I had gotten a train speedometer for the club layout, and was doing some testing with it on my own layout to see how well it worked for high speed trains. Although my home layout had 12" curves (it was N scale), my shinkansen never had a problem staying on the tracks at realistic speeds.
At a realistic 185 mph, everything was going fine. But with even higher speed prototypes coming out in the next few years, I wanted to find out the limits of the speedometer, and slowly ran my train faster and faster.
It turns out that at about 240 mph, my 100-series shinkansen jumps the track on 12" curves. And plummets to the floor. Luckily, although several cars came apart and pieces flew everywhere, nothing was actually broken. It was a simple matter of finding all the pieces, figuring out which cars they went to, and putting them back together.
I havent wrecked many trains, but one memorable exsperinces is when i was at my uncles house playing with an E-Z track figure-8 and we decided to play 90 degree, OF DEATH. two DCC locos, one track, 3 cars each, and one E-Z command DCC. you know it wasent going to end well. one loco set at 3/4 speed, the other at my control, tom be nimble, tom be quick, tom cross over before, OH CRAP, never mind. the tail box fliped, and the ft unit at 3/4 speed sat on top of the center flat, not horible but still a wreck.
is there a gauge telling when scale lives are lost? or is it just geuss work? if there is one i would like one for my club.
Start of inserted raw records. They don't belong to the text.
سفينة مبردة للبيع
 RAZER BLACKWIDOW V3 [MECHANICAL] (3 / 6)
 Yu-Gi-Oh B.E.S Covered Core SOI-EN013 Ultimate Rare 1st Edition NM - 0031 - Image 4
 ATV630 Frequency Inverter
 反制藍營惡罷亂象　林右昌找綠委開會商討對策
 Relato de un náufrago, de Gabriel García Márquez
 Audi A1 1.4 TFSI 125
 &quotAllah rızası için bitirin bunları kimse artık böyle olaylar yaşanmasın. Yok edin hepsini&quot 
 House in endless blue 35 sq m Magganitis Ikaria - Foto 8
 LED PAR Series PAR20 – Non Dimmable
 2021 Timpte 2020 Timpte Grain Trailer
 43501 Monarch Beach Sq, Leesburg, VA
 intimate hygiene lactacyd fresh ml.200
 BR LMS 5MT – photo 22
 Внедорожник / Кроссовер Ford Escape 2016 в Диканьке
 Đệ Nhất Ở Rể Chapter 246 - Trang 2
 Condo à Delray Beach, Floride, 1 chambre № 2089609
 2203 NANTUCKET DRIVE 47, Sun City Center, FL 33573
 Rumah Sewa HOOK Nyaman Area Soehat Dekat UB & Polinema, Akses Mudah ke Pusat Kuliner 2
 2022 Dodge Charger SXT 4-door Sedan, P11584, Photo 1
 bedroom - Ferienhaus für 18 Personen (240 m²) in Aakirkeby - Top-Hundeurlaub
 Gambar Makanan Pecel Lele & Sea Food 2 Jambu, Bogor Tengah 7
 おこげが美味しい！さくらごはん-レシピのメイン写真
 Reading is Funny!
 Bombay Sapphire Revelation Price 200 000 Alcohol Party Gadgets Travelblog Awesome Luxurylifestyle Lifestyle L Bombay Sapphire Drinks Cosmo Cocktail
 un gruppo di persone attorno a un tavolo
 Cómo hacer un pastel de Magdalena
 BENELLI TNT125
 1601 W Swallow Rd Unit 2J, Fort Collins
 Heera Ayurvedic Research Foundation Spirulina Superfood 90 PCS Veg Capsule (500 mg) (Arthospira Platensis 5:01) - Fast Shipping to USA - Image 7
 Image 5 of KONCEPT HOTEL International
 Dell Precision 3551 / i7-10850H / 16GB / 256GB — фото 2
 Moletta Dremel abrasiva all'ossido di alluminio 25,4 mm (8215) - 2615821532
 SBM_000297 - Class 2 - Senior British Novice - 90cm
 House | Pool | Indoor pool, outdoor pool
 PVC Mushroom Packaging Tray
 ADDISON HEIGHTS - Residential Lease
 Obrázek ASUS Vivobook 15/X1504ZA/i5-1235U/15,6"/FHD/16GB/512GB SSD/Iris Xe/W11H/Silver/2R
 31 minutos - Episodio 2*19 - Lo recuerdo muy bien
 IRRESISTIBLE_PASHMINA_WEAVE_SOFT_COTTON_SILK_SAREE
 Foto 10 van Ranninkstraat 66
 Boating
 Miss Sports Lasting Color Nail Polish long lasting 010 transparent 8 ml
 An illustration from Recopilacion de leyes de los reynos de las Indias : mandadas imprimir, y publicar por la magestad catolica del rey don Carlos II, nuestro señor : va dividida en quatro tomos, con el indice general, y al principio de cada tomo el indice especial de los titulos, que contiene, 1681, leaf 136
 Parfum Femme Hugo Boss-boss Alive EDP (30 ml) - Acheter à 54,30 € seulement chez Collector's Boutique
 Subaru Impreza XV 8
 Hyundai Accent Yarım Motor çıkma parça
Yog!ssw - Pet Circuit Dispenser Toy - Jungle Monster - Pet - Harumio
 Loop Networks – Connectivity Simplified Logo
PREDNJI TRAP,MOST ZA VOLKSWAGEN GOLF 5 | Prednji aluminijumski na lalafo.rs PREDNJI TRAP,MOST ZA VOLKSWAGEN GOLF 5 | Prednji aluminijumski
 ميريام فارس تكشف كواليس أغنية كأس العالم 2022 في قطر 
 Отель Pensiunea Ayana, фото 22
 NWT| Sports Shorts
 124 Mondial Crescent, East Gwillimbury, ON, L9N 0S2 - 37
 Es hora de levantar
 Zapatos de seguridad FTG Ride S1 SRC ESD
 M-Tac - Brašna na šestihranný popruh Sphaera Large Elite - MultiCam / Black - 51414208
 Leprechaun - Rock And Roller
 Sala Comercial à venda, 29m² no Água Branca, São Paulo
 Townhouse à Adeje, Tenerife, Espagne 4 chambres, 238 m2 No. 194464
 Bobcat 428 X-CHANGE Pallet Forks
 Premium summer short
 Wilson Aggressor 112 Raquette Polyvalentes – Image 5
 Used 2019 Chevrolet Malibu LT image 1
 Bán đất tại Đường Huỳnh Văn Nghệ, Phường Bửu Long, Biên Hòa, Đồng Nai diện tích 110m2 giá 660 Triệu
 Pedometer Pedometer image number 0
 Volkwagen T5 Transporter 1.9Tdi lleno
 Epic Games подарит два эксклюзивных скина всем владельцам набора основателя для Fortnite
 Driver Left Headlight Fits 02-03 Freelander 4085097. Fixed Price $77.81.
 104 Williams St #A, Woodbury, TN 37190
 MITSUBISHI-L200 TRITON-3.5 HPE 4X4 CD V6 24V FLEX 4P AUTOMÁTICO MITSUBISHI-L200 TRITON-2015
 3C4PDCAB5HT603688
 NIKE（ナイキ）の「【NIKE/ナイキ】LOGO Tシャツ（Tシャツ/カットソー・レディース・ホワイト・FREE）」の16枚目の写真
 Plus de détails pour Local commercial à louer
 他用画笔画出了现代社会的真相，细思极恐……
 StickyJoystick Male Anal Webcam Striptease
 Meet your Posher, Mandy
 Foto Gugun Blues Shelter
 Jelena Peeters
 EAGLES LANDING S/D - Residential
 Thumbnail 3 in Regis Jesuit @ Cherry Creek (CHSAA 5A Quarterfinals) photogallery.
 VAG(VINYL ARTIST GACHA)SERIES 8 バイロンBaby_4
Well, if you would of had it on tape, depending on what kind you got, it probably wouldn't have come off! LOL
Christian
The Santa Fe Ry. Historical & Modeling Soc. Convention in 2005 was in Pasadena. So I volunteered to have my N-Scale layout on the layout tour at the end of the convention. And it was, of course, my first open house. Everything ran like a top during the morning shakedown run. About 1:pm some fellows began arriving. I got two trains running (one in each direction) from the staging tracks on the lower level. About ten minutes later I heard a crash. A lead switch to the one set of staging tracks had failed, sending the 30-car freight (man, I like N-Scale!) train down an occupied track. Derailing cars of both trains knocked over cars of trains on adjacent tracks. Meantime, the other train, a twelve-car mail train descending into the other set of staging tracks on the turnback curve, chose to take a lurch, and the trailing cars bunched up and derailed. End of operations! I spent the rest of the time that my visitors were there answering questions. And, of course, I just had to have an audience - no sense doing things halfway; if you're gonna fail, might as well do it up big! They were all very nice and sympathetic - even told their own horror stories. But it was over two weeks before I could muster the nerve to open the access hatch and clean up the mess. Two months later the layout was dismantled for a move out of Calif. back into "the States". A new railroad is now taking shape . . . with redesigned circuitry to prevent errant trains from entering occupied tracks!
Ardenastationmaster
A somewhat funny accident happened on a club layout we were thinking of converting to DCC. One of the members (who shall remain nameless) brought his DCC system in, hooked it up and proceeded to run a train. All of a sudden we heard "please stop". Each time the words were spoken the voice got a little higher. Next sound was "crunch" as his locomotive ran a turnout and hit a stopped freight. Several catcalls of "get the bottle" were heard. He had programmed in a LOT of momentum. Needles to say he was ribbed about it for a long while.